Keno City is a small community in Yukon, Canada at the end of the Silver Trail highway. Population was 15 in 2006 (stats Canada census). Keno City was the site of a former silver-lead mining area proximal to Keno Hill. Keno City is 13 kilometres away from Elsa, Yukon, which is owned by Alexco Resource Corp who currently own and operate the various Ag-Pb-Zn deposits in the Keno Hill area. Rich silver and lead ore deposits were found on Keno Hill in 1919, and since then the population of the community has fluctuated in response to the mining activity in the area. When in 1989 United Keno Hill closed the mines, literally overnight, the people in the Keno area who decided to stay chose a more sustainable economy: tourism. They successfully marketed Keno City as the quiet, tranquil community. Keno City was named after the gambling game Keno popular in mining camps at the turn of the 20th century. A small placer mining operation is behind Keno City, indicating the present support for active disturbance of earth materials through mining in the vicinity of Keno City. Some people believe that fewer materials will be moved through the new Alexco proposal than have been moved by placer mining around Keno City. The issue, however, is not the amount of material being moved but the placing of an industrial facility (crusher/mill/tailings) close to a residential community.

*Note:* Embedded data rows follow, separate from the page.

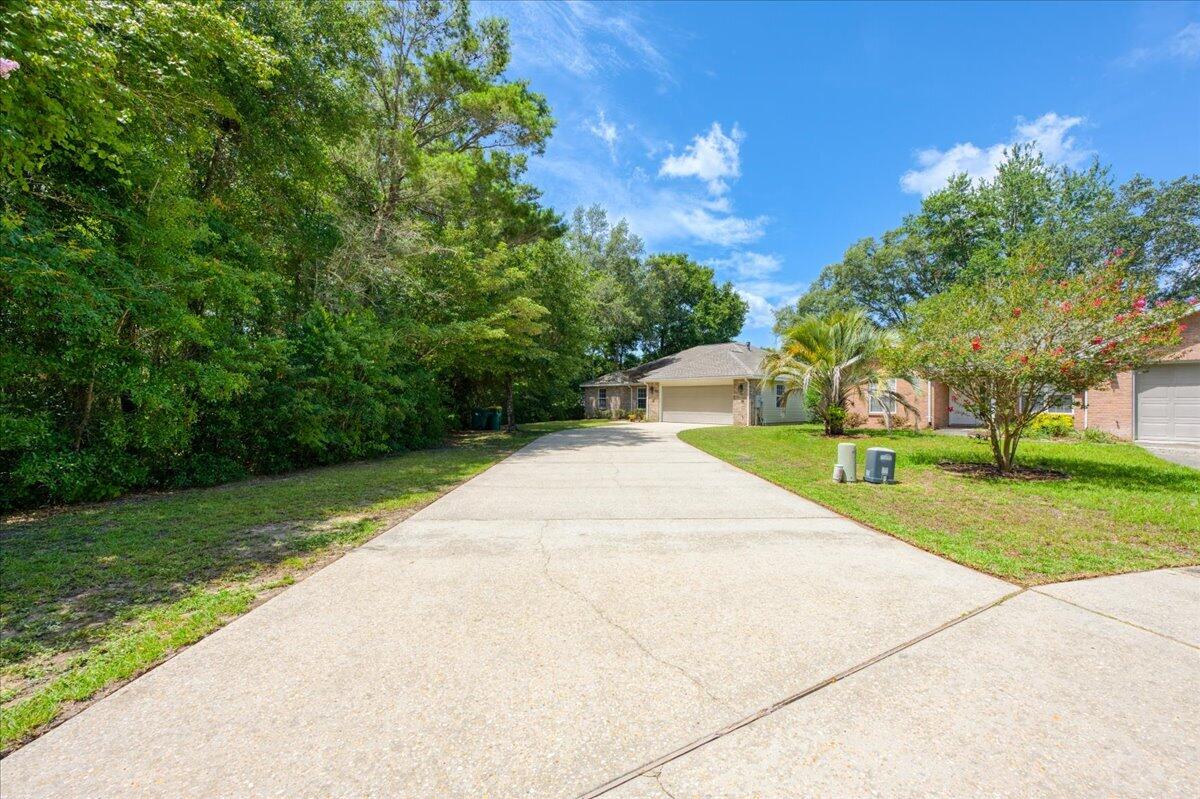 105 Underwood Lane Niceville FL 32578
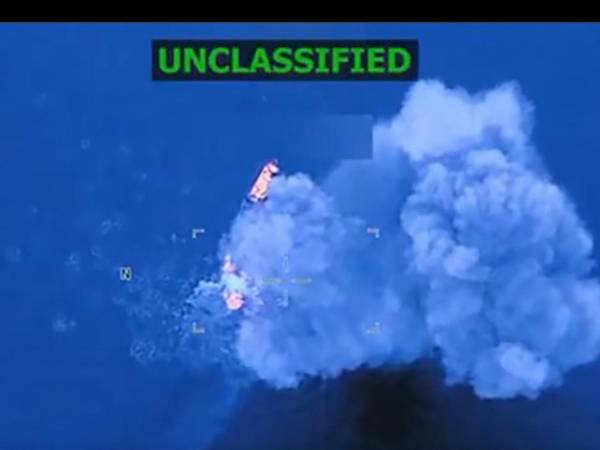 Captura de pantalla de un video publicado en la cuenta oficial de la red social X @SecWar del secretario del Departamento de Defensa estadounidense, Pete Hegseth que muestra un ataque contra una embarcación en aguas del océano Atlántico.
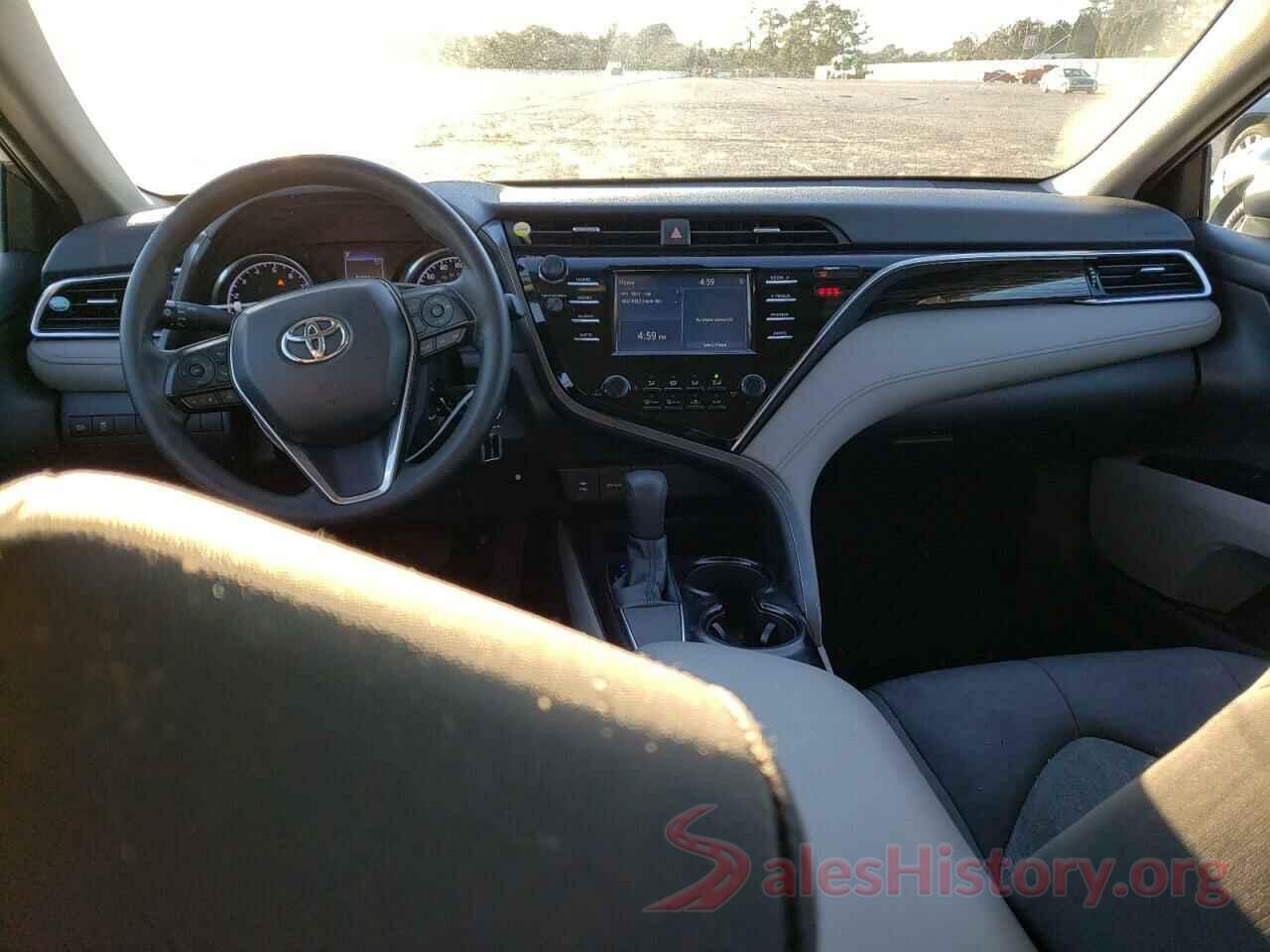 4T1B11HK5JU565867 2018 TOYOTA CAMRY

Keno City has also developed some tourism-based businesses, and its attraction is the Keno Mining Museum with an extensive collection dedicated to the history of mining in Yukon from the early 1900s until the present. The signpost on the top of Keno Hill showing distances to places around the world.

Keno City is located at Mile 69.1 of the Silver Trail, Yukon Highway 11.

The British Yukon Navigation Company sternwheeler, SS Keno, is preserved in Dawson City and protected as a National Historic Site.

The 2004 Kim Barlow album Luckyburden is about Keno City. Two tracks are recorded live at the Keno City Snackbar.